------ AVAILABLE DATA ------

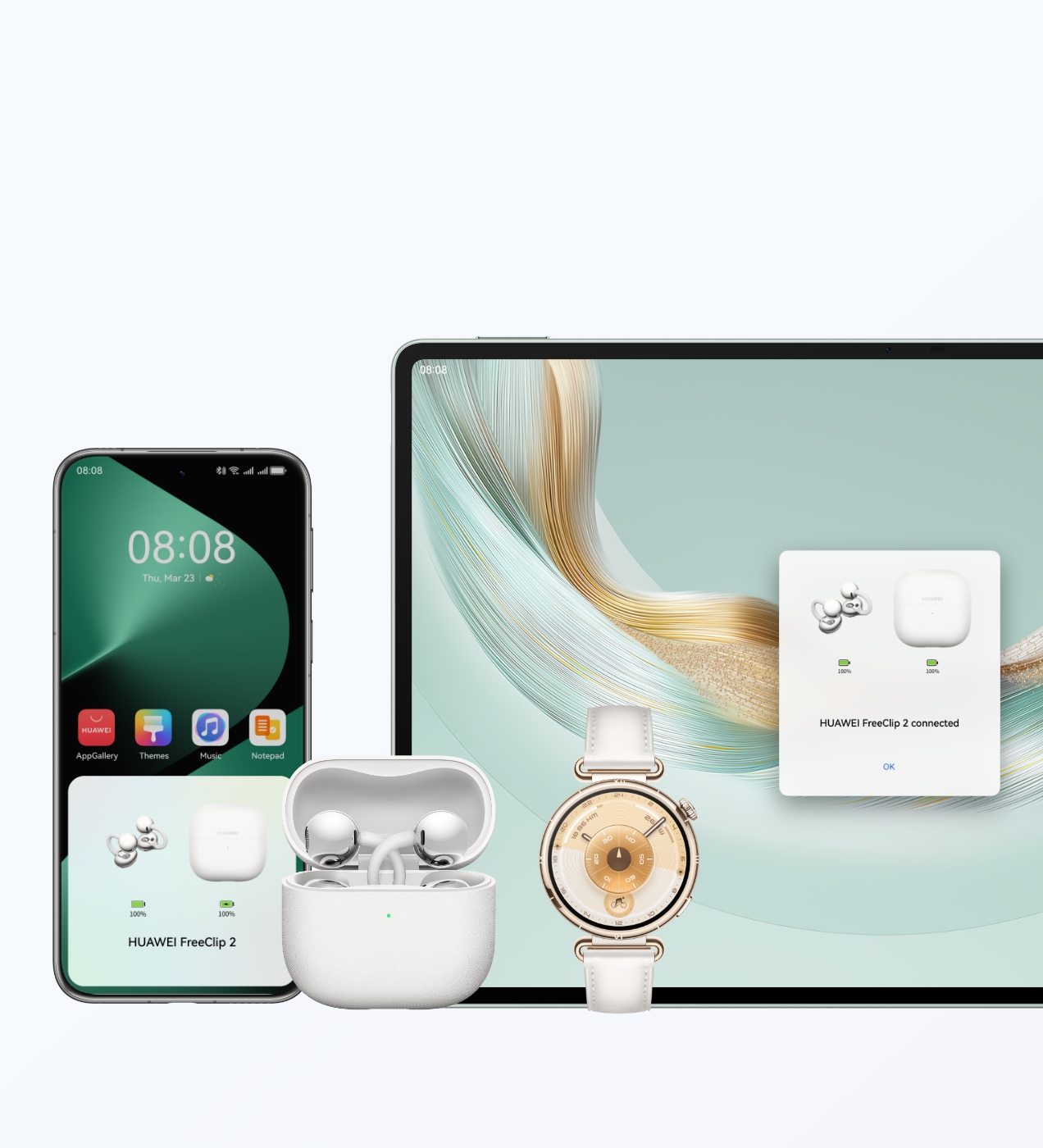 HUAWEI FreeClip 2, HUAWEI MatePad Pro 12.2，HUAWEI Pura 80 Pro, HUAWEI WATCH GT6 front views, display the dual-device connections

------
------ AVAILABLE DATA ------

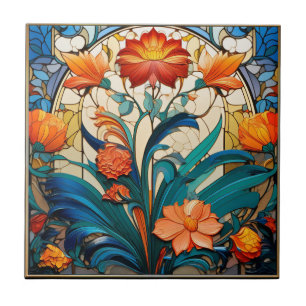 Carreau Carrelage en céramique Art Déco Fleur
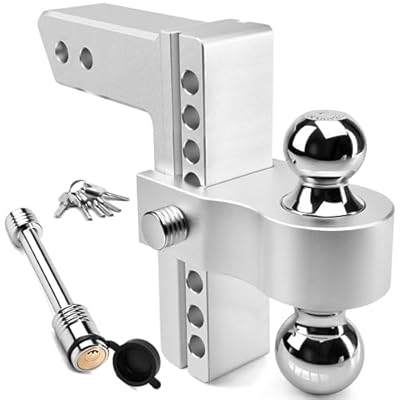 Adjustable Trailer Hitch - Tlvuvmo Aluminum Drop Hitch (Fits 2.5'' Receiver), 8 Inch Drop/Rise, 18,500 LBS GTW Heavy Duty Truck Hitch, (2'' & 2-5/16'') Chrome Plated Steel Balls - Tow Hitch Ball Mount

------

**YOUR OBJECTIVE:**
Write out again exactly the lines above from the one with "Carreau Carrelage en" through the one with "Adjustable Trailer Hitch", adding no other lines and no pictures.

**EXERCISE RESULT:**
 Carreau Carrelage en céramique Art Déco Fleur
 Adjustable Trailer Hitch - Tlvuvmo Aluminum Drop Hitch (Fits 2.5'' Receiver), 8 Inch Drop/Rise, 18,500 LBS GTW Heavy Duty Truck Hitch, (2'' & 2-5/16'') Chrome Plated Steel Balls - Tow Hitch Ball Mount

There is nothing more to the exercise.